2016-08-31

The Modern Car is a Marvellous Waste

[A new car!]
A new 4-cylinder Honda Accord sedan has a top speed of 125 miles per hour.

When you think about it, this simple fact becomes ridiculous considering that  the average speed cars travel in US cities, without traffic, is around 30 miles per hour. Yes, I just wrote “without traffic.”

With traffic, of course, it’s worse.

This is to say that the 21st century automobile is extremely over-designed for the job that it is tasked with.

[Average traffic-free speeds, according to Google Maps data.]

[The bottleneck in 1937, when cars probably went at least as fast as today.]
The other day I was bicycling down Saint Paul’s Summit Avenue and got stuck at a stoplight for a minute or so. A car idled by my left elbow, waiting for the light to change, and for some reason the sound of the engine caught my ear. It sounded fancy, a complex chord of belts and metal, the air conditioner compressor whirring at a higher pitch, and the entire ensemble impressed me.

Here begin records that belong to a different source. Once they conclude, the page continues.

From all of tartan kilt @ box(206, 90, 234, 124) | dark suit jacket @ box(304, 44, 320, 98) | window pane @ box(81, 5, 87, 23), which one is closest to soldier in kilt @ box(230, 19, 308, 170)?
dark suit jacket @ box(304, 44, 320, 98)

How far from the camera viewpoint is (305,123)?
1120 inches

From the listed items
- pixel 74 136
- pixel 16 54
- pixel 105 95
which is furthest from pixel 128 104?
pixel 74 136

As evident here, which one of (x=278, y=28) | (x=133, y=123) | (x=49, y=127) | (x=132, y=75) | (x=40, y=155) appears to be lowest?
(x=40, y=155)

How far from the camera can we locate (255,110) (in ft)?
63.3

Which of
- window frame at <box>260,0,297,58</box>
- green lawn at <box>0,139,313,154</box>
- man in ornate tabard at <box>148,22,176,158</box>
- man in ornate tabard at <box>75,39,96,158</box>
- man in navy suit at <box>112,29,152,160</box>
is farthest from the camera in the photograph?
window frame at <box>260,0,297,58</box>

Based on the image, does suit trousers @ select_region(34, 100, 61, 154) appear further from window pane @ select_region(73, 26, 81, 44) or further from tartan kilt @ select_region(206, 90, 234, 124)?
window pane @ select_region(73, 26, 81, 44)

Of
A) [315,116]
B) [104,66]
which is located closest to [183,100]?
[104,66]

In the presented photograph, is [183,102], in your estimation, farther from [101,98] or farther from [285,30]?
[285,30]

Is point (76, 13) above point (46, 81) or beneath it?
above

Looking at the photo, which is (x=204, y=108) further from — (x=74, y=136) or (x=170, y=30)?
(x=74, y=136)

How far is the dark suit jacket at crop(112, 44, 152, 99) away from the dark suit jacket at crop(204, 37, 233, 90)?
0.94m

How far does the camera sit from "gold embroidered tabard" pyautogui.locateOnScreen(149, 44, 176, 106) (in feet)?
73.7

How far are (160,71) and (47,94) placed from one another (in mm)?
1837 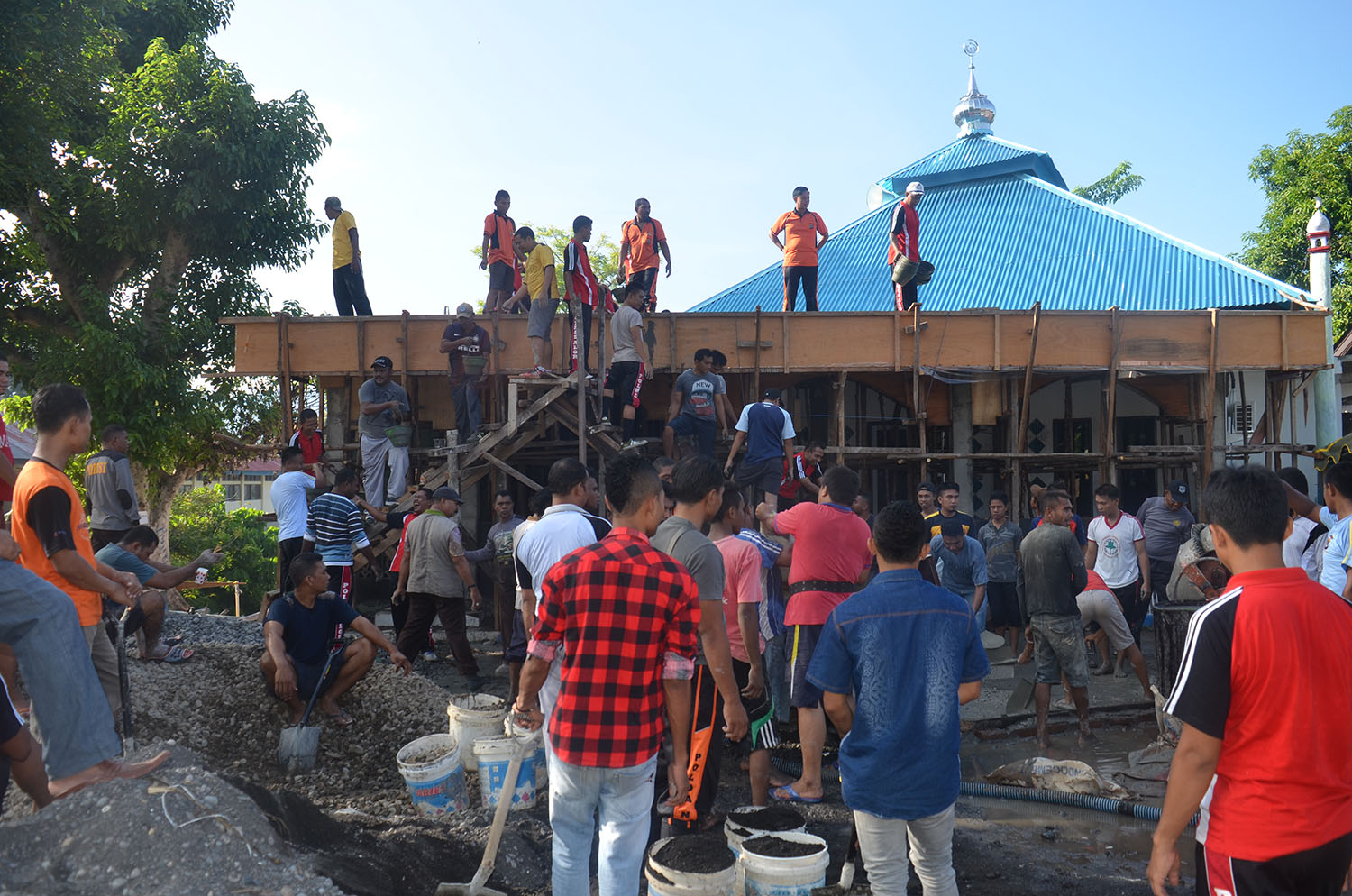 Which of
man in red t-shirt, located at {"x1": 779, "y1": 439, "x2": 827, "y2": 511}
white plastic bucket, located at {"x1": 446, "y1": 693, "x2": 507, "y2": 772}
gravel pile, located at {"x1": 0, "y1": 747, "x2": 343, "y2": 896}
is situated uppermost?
man in red t-shirt, located at {"x1": 779, "y1": 439, "x2": 827, "y2": 511}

“What an amazing piece of technology,” I thought to myself, before the light changed and the machine accelerated from my gaze.

Compared to cars twenty, forty, or a hundred years ago, there are some things that haven’t changed, like the internal combustion engine, the rubber tire, or the tailpipe. But beyond that, even the most basic modern car is a marvel far surpassing anything dreamt in previous generations. Air conditioning, surround sound stereo systems, soundproofing, anti-lock brakes, almost magical airbags, rear-view cameras, automatic locks, windows, and doors, GPS displays, and things I probably don’t even know about that auto company engineers are coming up with constantly.

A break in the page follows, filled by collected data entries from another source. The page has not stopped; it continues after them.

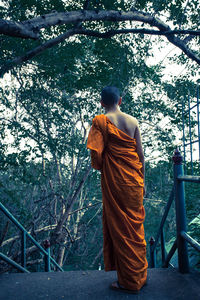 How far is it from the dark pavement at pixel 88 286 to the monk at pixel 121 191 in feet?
0.45

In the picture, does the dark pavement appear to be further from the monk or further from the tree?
the tree

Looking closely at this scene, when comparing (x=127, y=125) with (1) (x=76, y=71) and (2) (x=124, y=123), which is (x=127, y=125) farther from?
(1) (x=76, y=71)

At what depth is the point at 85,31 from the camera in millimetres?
5273

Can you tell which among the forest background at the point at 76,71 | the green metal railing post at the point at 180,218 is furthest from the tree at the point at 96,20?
the green metal railing post at the point at 180,218

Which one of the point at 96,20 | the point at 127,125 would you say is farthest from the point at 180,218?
the point at 96,20

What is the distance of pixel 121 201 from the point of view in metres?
2.53

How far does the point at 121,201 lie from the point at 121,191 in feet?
0.29

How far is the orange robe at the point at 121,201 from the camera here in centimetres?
240

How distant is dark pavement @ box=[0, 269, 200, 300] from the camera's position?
7.38ft

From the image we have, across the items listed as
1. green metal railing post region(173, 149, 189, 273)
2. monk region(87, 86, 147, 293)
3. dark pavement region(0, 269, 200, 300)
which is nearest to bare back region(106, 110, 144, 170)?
monk region(87, 86, 147, 293)

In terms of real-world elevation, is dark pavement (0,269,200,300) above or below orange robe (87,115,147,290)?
below

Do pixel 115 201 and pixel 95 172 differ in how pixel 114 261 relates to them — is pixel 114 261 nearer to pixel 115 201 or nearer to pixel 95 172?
pixel 115 201

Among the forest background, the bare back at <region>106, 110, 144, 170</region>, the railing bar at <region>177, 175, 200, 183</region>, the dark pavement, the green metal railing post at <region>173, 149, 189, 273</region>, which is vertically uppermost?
the forest background

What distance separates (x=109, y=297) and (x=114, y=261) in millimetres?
360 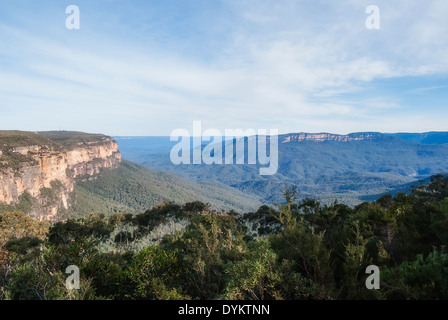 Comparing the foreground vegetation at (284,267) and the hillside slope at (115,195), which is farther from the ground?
the foreground vegetation at (284,267)

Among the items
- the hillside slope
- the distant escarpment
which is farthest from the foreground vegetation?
the hillside slope

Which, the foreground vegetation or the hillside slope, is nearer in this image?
the foreground vegetation

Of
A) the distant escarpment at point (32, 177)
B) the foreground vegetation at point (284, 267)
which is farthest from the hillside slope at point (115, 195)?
the foreground vegetation at point (284, 267)

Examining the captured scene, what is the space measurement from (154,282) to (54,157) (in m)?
124

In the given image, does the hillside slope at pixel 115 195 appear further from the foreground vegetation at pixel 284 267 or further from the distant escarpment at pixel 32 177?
the foreground vegetation at pixel 284 267

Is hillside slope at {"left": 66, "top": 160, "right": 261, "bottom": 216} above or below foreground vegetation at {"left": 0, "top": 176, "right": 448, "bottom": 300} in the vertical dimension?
below

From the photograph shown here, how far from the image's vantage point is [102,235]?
39.8 meters

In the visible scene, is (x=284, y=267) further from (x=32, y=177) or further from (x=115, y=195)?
(x=115, y=195)

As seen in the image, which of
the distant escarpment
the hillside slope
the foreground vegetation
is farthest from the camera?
the hillside slope

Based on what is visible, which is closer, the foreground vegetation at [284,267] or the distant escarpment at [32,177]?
the foreground vegetation at [284,267]

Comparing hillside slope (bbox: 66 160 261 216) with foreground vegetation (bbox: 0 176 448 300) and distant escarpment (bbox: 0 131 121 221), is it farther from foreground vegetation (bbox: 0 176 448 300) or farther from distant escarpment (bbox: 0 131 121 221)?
foreground vegetation (bbox: 0 176 448 300)

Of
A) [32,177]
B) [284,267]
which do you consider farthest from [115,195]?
[284,267]

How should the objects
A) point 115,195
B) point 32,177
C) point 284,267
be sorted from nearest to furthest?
point 284,267 < point 32,177 < point 115,195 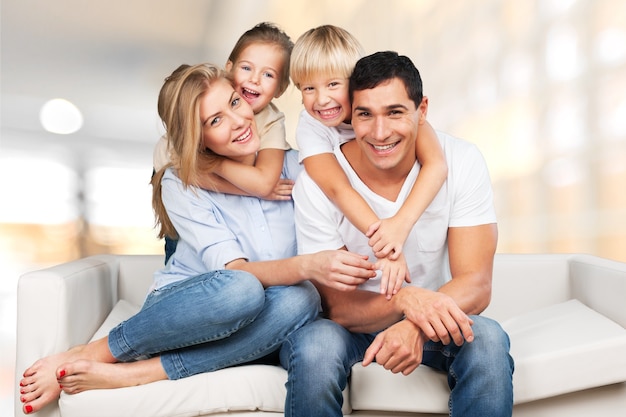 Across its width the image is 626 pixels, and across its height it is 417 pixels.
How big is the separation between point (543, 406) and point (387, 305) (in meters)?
0.44

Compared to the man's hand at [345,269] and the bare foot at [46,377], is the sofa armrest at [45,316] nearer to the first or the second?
the bare foot at [46,377]

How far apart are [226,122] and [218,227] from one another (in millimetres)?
273

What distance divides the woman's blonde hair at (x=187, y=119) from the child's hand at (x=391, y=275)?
1.92 ft

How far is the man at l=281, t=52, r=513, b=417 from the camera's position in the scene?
146 cm

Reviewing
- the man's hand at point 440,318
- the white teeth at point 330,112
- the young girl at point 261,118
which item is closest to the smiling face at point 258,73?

[A 2CV spotted during the '14 streets.mn picnic.]
That said, the modern car has offered diminishing returns for quite some time. The basic function of a car is to get you from point A to point B at reasonable costs of energy, money, and time,  and maybe carry some of your stuff. That equation hasn’t changed much in a century. 1960s VW Beetles got 25-30 miles per gallon, and the 1940s Citroen 2CV (the French “farmer’s car”) got over 60, and all of them could drive at 30 miles per hour, the average speed of traffic in Minneapolis today. No matter how nice they might be inside, especially considering the reality of urban traffic, the difference between today’s cars and those from 50 years ago is marginal. They might be shiny and comfortable, but they don’t really “get you there” much differently. 

It gets worse though, because on average, cars aren’t even used the vast majority of the time. There are all kinds of stats on this, but on average, cars are parked 95% of the time. The car just sits there not being used, like Donald Trump's teleprompter, the Vikings' trophy case, or almost everyone's home exercise equipment.

It seems to me that investing so much money into a machine that realizes only a fraction of its potential is a gigantic waste of our personal and collective resources. Driving a car around the city is a bit like having a deluxe chef-level kitchen — granite counter tops, stainless steel hoods, deluxe gas range, the nicest pots and knives — and cooking Kraft Mac and Cheese. It’s like going on vacation to Hawaii and spending the whole time watching TV. It’s like erecting a billion dollar stadium and using it for monster truck shows, like having a brand new souped-up gaming computer and only using it for email, like buying a ticket to the State Fair, schlepping yourself all the way there, eating a corn dog, and leaving after twenty minutes.

(I could go on like this all day. Maybe it's like having a super-expensive almost two-decade-long post-secondary education and spending your time blogging?)

The point is that nobody — not even me — can dispute that today’s cars are amazing machines. The problem isn’t with cars. It’s their sheer quantity and the way they’re used. The vast majority of the potential of the automobile is completely wasted in today’s cities. Some simple math: if the average American car sits 90% of the time, and even when it’s being used, urban cars are only used at 25% of their potential for movement, then 97.5% of the potential for movement is being wasted every day.

I’m all for respecting the glamorous amazing world-breaking technological marvel of the automobile. But looking down at I-94 at and seeing hundreds of amazing cars crawling at single-digit speeds, sitting on expensive space-hungry asphalt-and-steel freeways, baking in the sun, burning gas with isolated people strapped inside, should be a heartbreaking sight. What else could we be doing with our time, money, energy, and our collective powers of invention?

[A waste.]

2 comments:

  1. just gonna post this here since i feel like no blog entry on such a subject is complete without this comment, like a sundae without a cherry.

    MAYBE IF THEY DIDNT PUT IN ALL THESE BIKE LANES CARS COULD GO FASTER AND THEIR WOULDNT BE SO MUCH TRAFFIC!!!!!!!!!!!